• _GOAL OF THE EXERCISE_
Exactly as they appear, copy the lines from the one holding "Sablio Záves Oranžová" through the end of the records, leaving pictures out.
[[ SOURCE MATERIAL, beginning ]]
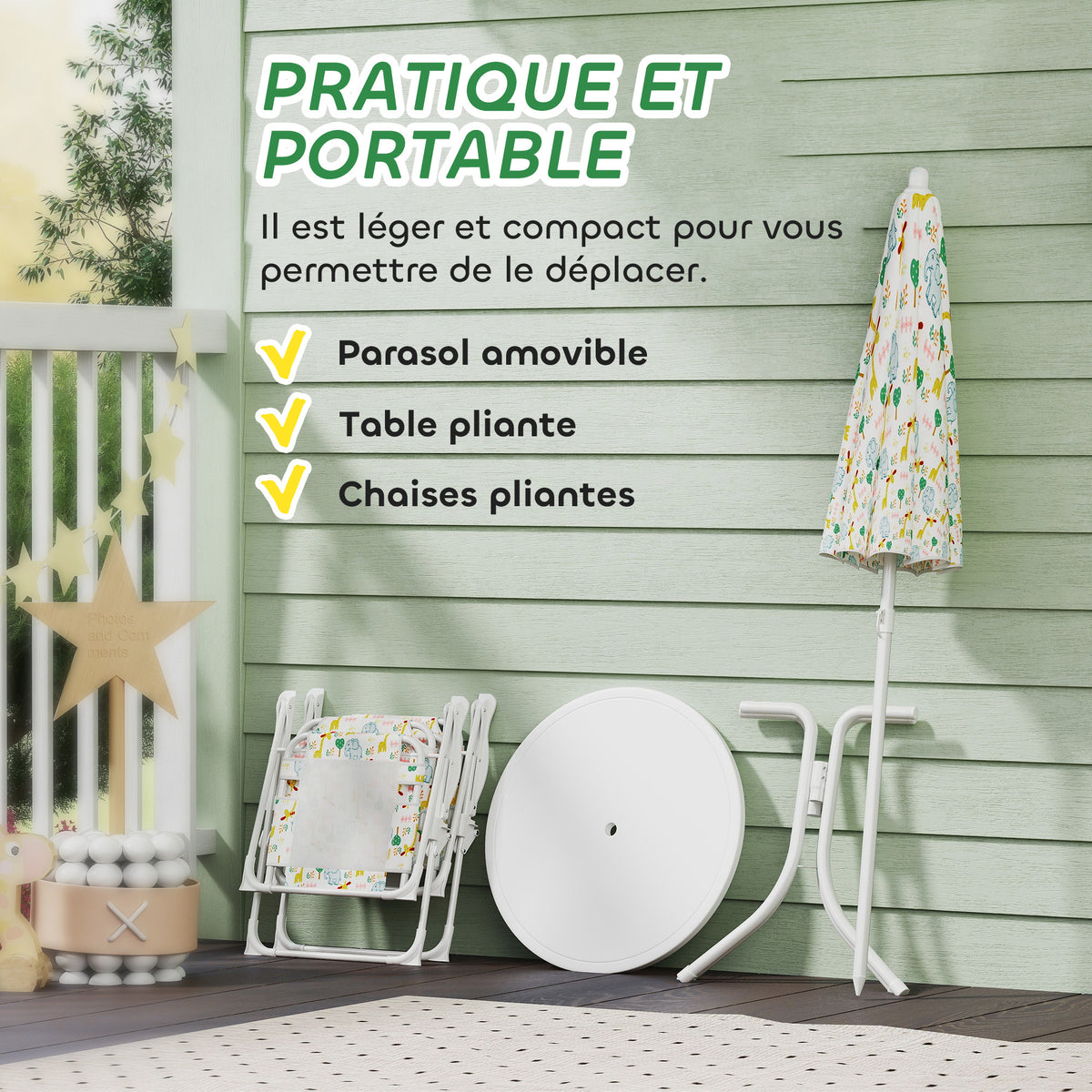 Ensemble salon de jardin extérieur enfant 4 pièces, motif éléphant et girafe, parasol réglable Ø 100 cm, chaise pliable-5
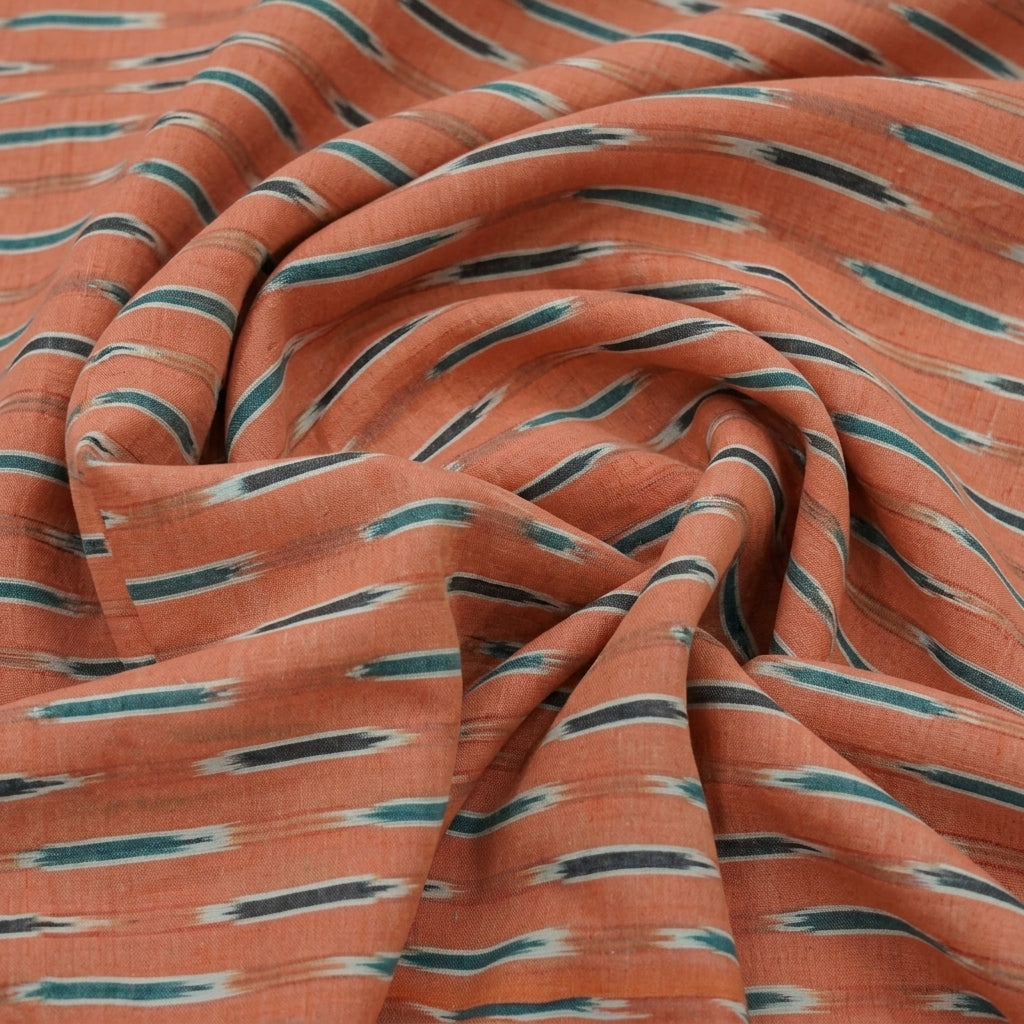 Swirled Ikat Orange Ikat Cotton Fabric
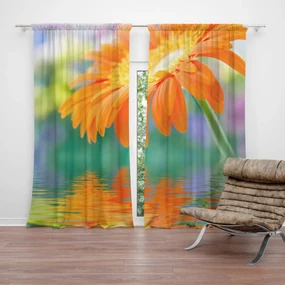 Sablio Záves Oranžová gerbera: 2 ks 140x250 cm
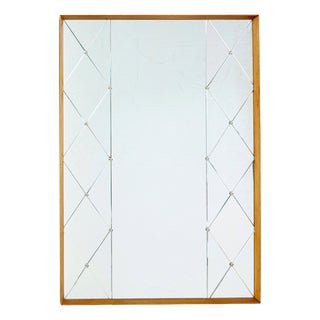 Mid-Century Swedish Oak Framed Harlequin Wall Mirror, 1960 For Sale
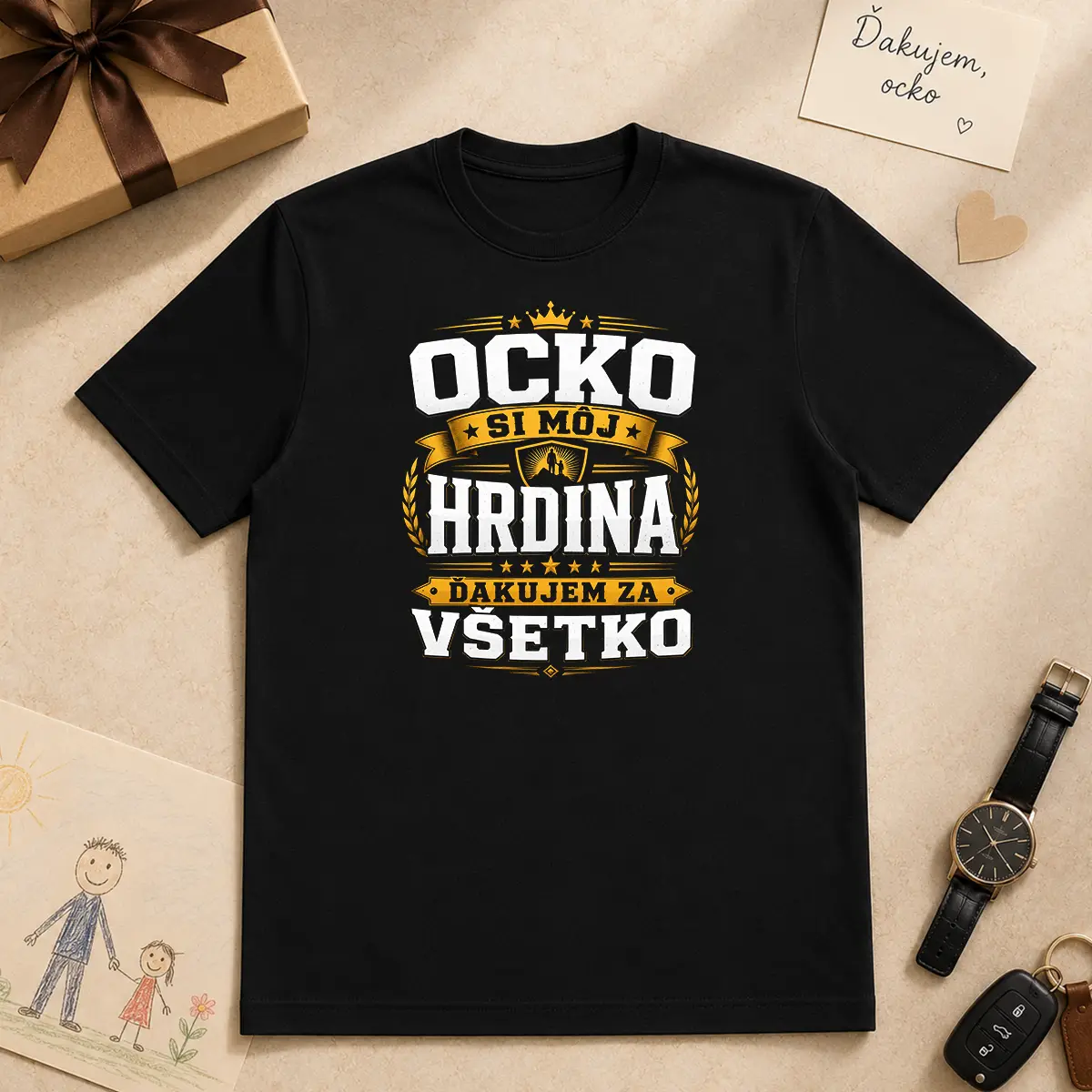 Tričko – Ocko, si môj hrdina. Ďakujem za všetko – Obrázok 2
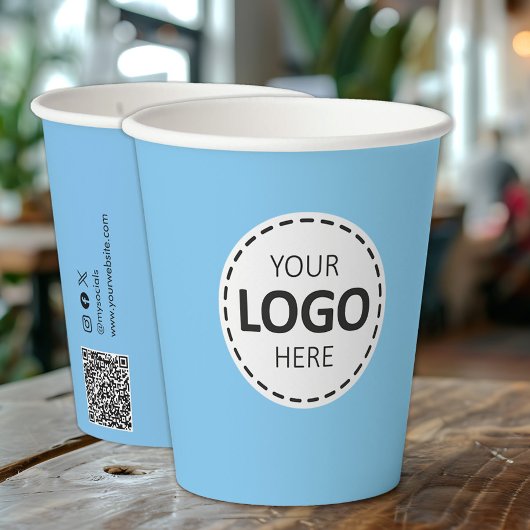 Logo, QR-code Social Media Aangepaste blauwe papie Papieren Bekers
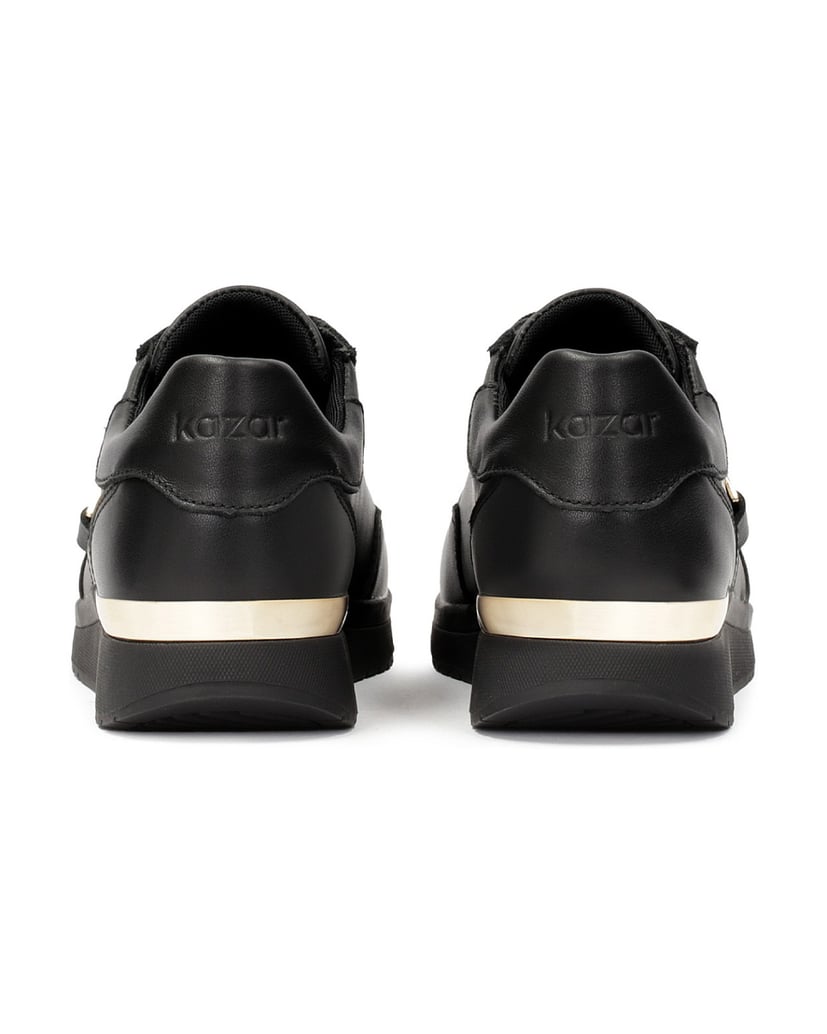 Kazar-Schwarze-Ledersneakers-mit-goldenen-Elem-schwarz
[[ SOURCE MATERIAL, end ]]
• _ANSWER_
 Sablio Záves Oranžová gerbera: 2 ks 140x250 cm
 Mid-Century Swedish Oak Framed Harlequin Wall Mirror, 1960 For Sale
 Tričko – Ocko, si môj hrdina. Ďakujem za všetko – Obrázok 2
 Logo, QR-code Social Media Aangepaste blauwe papie Papieren Bekers
 Kazar-Schwarze-Ledersneakers-mit-goldenen-Elem-schwarz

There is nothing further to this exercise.